Udine, strage di Natale: Cassazione annulla la sentenza del 2008

Pubblicato il 19 Ottobre 2012 - 01:43 OLTRE 6 MESI FA
Una voltante della polizia

UDINE – La seconda sezione penale della Corte di Cassazione ha annullato con rinvio la sentenza pronunciata il 5 dicembre 2008 dalla Corte d’assise e d’appello di Trieste per la strage dell’antivigilia di Natale a Udine nel 1998. In secondo grado erano stati condannati all’ergastolo gli albanesi Ilir Mihasi, di 41 anni, e Saimir Sadria, di 34, per omicidio plurimo aggravato; altri due imputati, l’ucraina Tatiana Andreicik, di 33 anni, e l’italiano Nicola Fascicolo di 52, erano stati assolti.

La Suprema Corte, presieduta da Matilde Camino, relatrice Giovanna Verga, in un collegio composto anche dal giudice Piercamillo Davigo, ha accolto tutti i motivi delle difese che contestavano le condanne sia sul fronte dell’associazione mafiosa sia dell’omicidio plurimo. Il processo per la morte dei tre agenti delle Volanti della Questura di Udine – Giuseppe Guido Zanier, Paolo Cragnolino e Adriano Ruttar – deceduti alle prime luci del 23 dicembre 1998 nello scoppio dell’ordigno piazzato in viale Ungheria, davanti alla saracinesca di un negozio di telefonia, e’ quindi da rifare.

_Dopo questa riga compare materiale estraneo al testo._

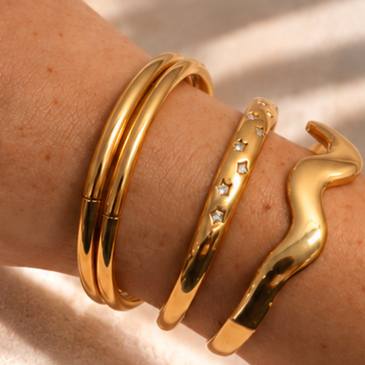 Wrist wearing gold colored bangles and cuffs
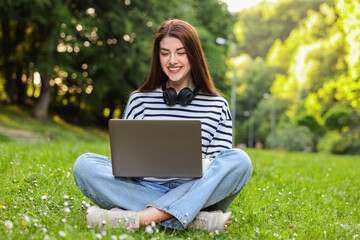 Wall Mural - Smiling freelancer working with laptop on green grass outdoors. Remote job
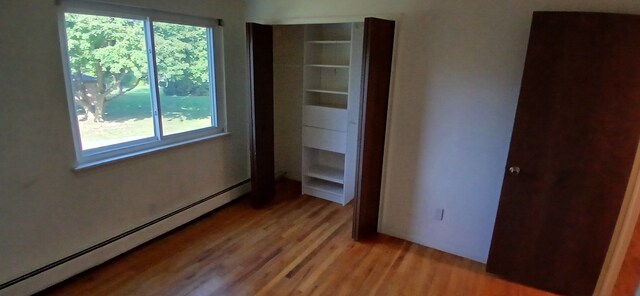 unfurnished bedroom with light wood-type flooring and a baseboard radiator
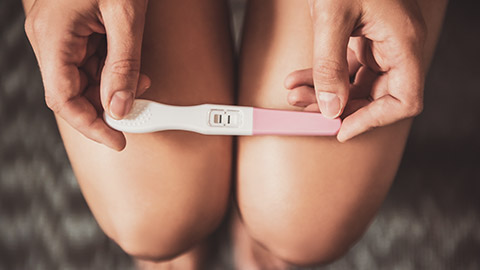 Woman holding pregnancy test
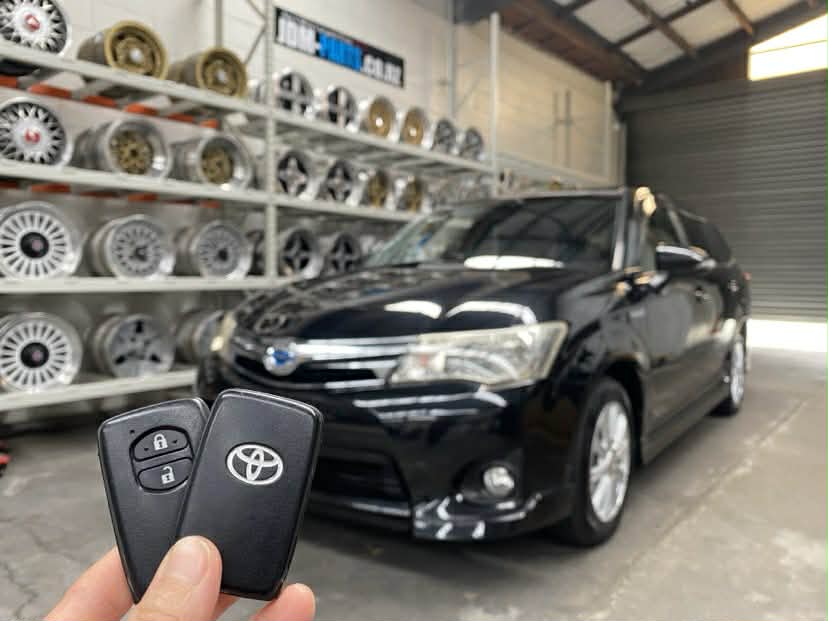 Person holding Toyota car key fob in front of a black sedan inside a shop with wheels on racks in the background. TOYOTA AXIO Replacement Key » JDM-PARTS NZ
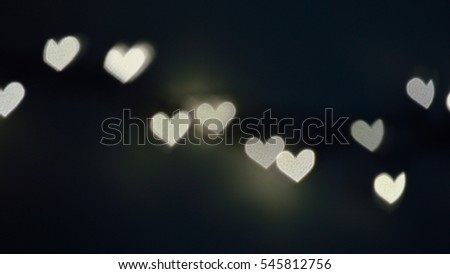 Bokeh lights, in the shape of little hearts against midnight blue.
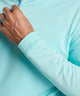 Men's quarter-zip stretch pullover sleeve cuff in light teal with thumb-ready fit.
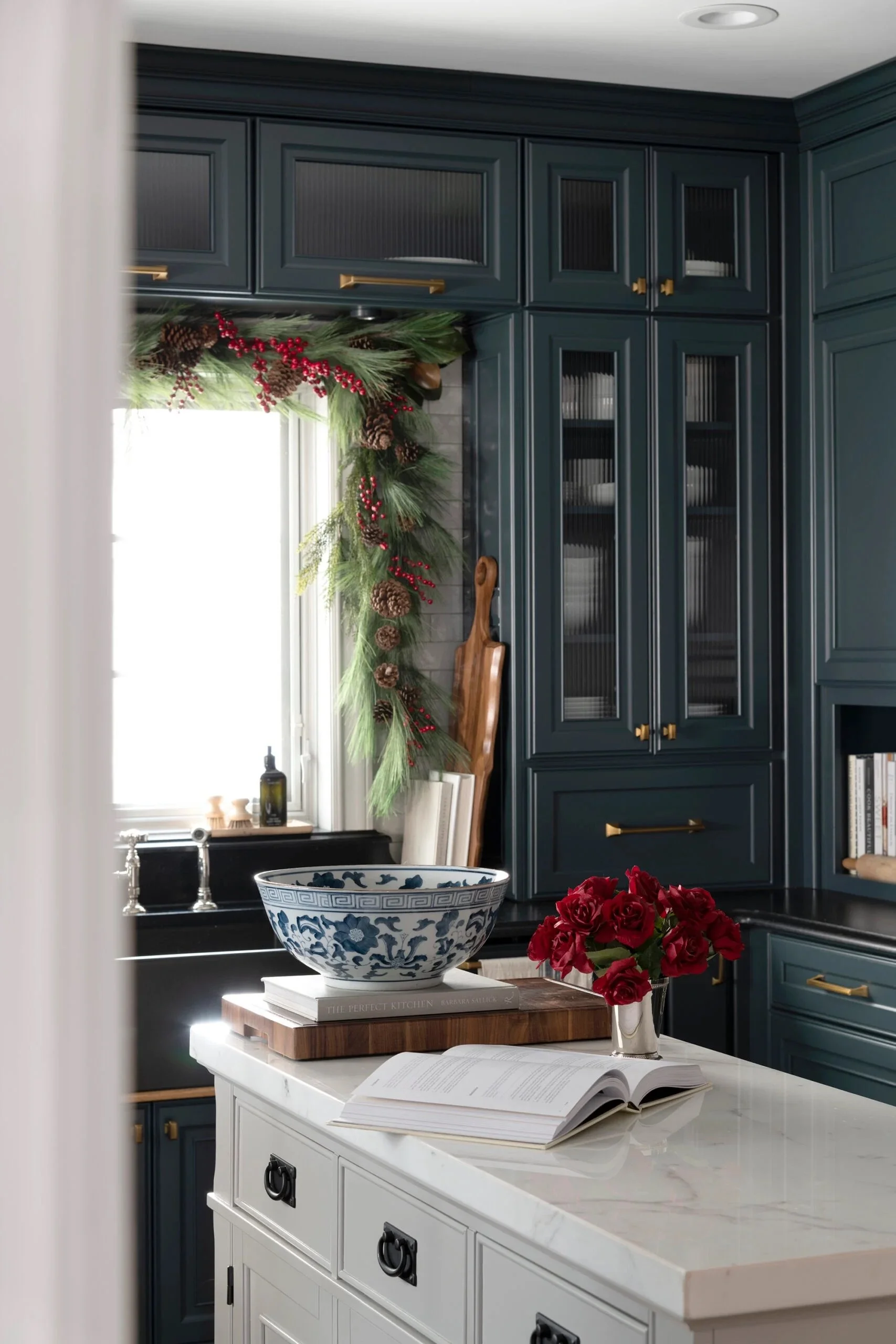Custom kitchen cabinetry with glass-front doors and brass hardware, styled for Christmas with greenery and seasonal decor, highlighting timeless craftsmanship by a professional cabinetry company in Georgia.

Una volta depositati i motivi gli atti torneranno a Trieste. L’avvocato Alberto Tedeschi, per Mihasi, e Laura Luzzato Guerrini per Sadria, avevano proclamato la loro innocenza fin dal primo momento, quando avevano suggerito altre piste investigative da seguire.

La Cassazione ha fatto cadere la condanna per associazione mafiosa pronunciata anche nei confronti di Tatiana Andreicik e Nicola Fascicolo, difesi dagli avvocati Luzzato e Maurizio Miculan, oltre che dei due imputati Vincenzo Cifarelli e Vatai Sander, due posizioni ”minori” nell’ambito dell’associazione a delinquere. Lo stesso Procuratore generale Esposito, nell’udienza odierna, aveva fatto propri i motivi di ricorso presentati dagli avvocati friulani.

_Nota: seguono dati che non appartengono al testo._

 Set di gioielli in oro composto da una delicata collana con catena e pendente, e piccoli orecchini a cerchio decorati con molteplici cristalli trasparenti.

La bomba che scoppiò l’antivigilia di Natale del 1998, poco dopo le cinque del mattino, uccise i tre agenti, attirati da un allarme lanciato dalla vicina stazione. In un primo tempo si pensò a una vendetta nei confronti del titolare del negozio, ma ben resto questa pista venne abbandonata. Il sostituto procuratore della repubblica, Raffaele Tito, indagò sulla Udine notturna di quegli anni e portò alla luce una organizzazione criminale albanese che ‘controllava’ traffici di droga e prostituzione nel capoluogo friulano.

In sede di processo le accuse di strage non ressero al dibattimento ma rimase l’accusa di associazione mafiosa e sfruttamento della prostituzione. In sede d’appello, a dieci anni dalla strage, arrivarono due condanne per omicidio plurimo aggravato per i cittadini albanesi, considerati ”braccio armato” della cosca mafiosa, mentre la donna e l’italiano furono scagionati.